Will Federal Preemption Grant Immunity to Aviation Manufacturers?
October 19, 2015
By: Justin T. Green, Partner, Steven R. Pounian, Of Counsel
(reprinted from the New York Law Journal)
The U.S. Court of Appeals for the Third Circuit will soon hand down a major decision that may extinguish the right of aviation disaster victims to recover from manufacturers that produce and sell dangerous airplanes, helicopters, or aircraft components. In Sikkelee v. Precision Airmotive Corp.,1 the court will decide whether the Federal Aviation Administration’s (FAA’s) mere certification of aircraft or aircraft components provides immunity to aviation manufacturers against most products’ liability claims.
While the FAA certifies all aircraft, the agency has limited resources and is not responsible for design; its review is not comprehensive and, indeed, much of the certification is performed by the manufacturer itself. FAA certification does not mean the airplane is safe or that it necessarily meets the federal minimum standards. At best, certification is a spot check based on information provided by the manufacturer to the FAA as of a given date.2 There is a long history of accidents caused by design or manufacturing defects in certified aircraft, and the FAA frequently issues airworthiness directives to mandate changes after learning about defects not discovered during the certification process.
Since the FAA was formed almost 60 years ago, courts have routinely applied state tort laws that hold manufacturers responsible for injuries and deaths caused by unsafe products regardless of FAA certification. We have seen vast improvements in aviation accident rates during that time period.3 A rule granting immunity based on FAA certification would reduce the safety standards applied to aviation products and overturn decades of aviation products liability cases that imposed liability on manufacturers, including major litigation such as those arising from the TWA 800 and SwissAir 111 disasters.
Sikkelee Case
On July 10, 2005, David and Craig Sikkelee took off in a 1967 Cessna 172N airplane from Transylvania County Airport in Brevard, North Carolina. The airplane lost power shortly after it departed the runway and crashed. A post-crash fire destroyed the airplane.

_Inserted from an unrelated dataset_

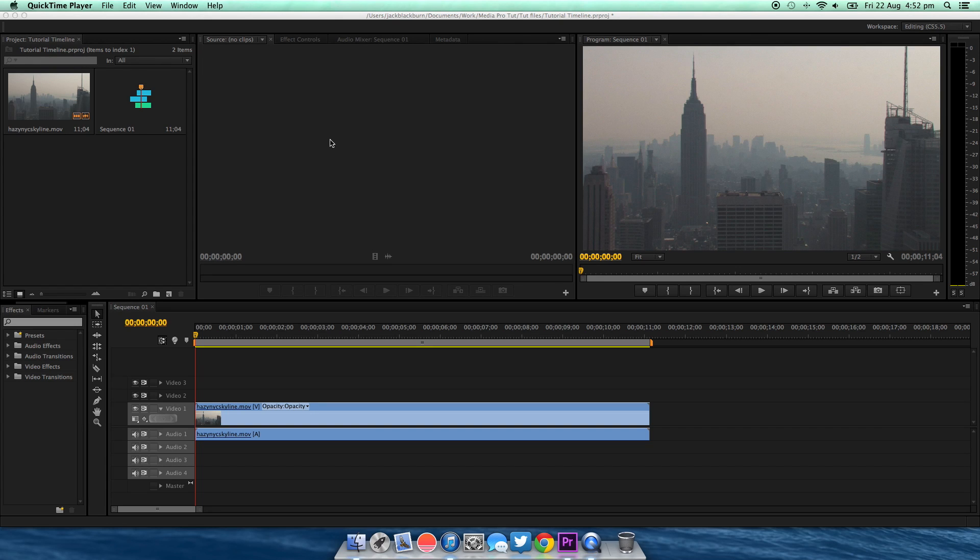Hello and welcome to Media Production Tutorials. Today I'm going to be showing you how to fade audio in and out in Premiere Pro CS6.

David Sikkelee, the airplane’s pilot, was killed, and his brother Craig was seriously injured.4
Jill Sikkelee, David’s widow, filed a products liability action that alleged the loss of power was caused by the airplane engine’s defective carburetor, specifically the throttle body to bowl assembly inside the carburetor.5
Three years into the litigation, the district court dismissed all of plaintiff Sikkelee’s state law claims, relying on the Third Circuit’s ruling in Abdullah v. American Airlines6 that the “entire field of aviation safety” was impliedly preempted by the Federal Aviation Act of 1958 (FAAct). The district court held that the FAAct preempted state law products liability standards and that the plaintiff must prove her claim by showing that the allegedly defective carburetor did not meet relevant federal standards.
The plaintiff then amended her complaint to assert that the unsafe condition of the carburetor did not meet federal standards. Shortly before the scheduled trial, however, the district court granted the manufacturer partial summary judgment, concluding that the FAA’s certification of the carburetor barred the plaintiff from attempting to prove that the carburetor did not meet the applicable federal minimum standards.
The district court found that federal preemption in the field of aviation safety does not require there to be applicable federal minimum standards that would govern the conduct at issue and that there is no need for the court to fill gaps in the federal regulations with an “overall concept” of due care. The court decided that it must apply only those regulations that the FAA issued, leaving unfilled any gaps in the federal minimum standards.
The district court found that the regulatory scheme barred the plaintiff from attempting to prove in court that the defendant violated the applicable federal minimum standards that applied to the carburetor because the FAA had determined that the component met those standards when it certified the engine. In the court’s view, the FAA’s determination was final; the only avenue left to plaintiff was if she could show that the defendant violated its duty to report known engine defects to the FAA.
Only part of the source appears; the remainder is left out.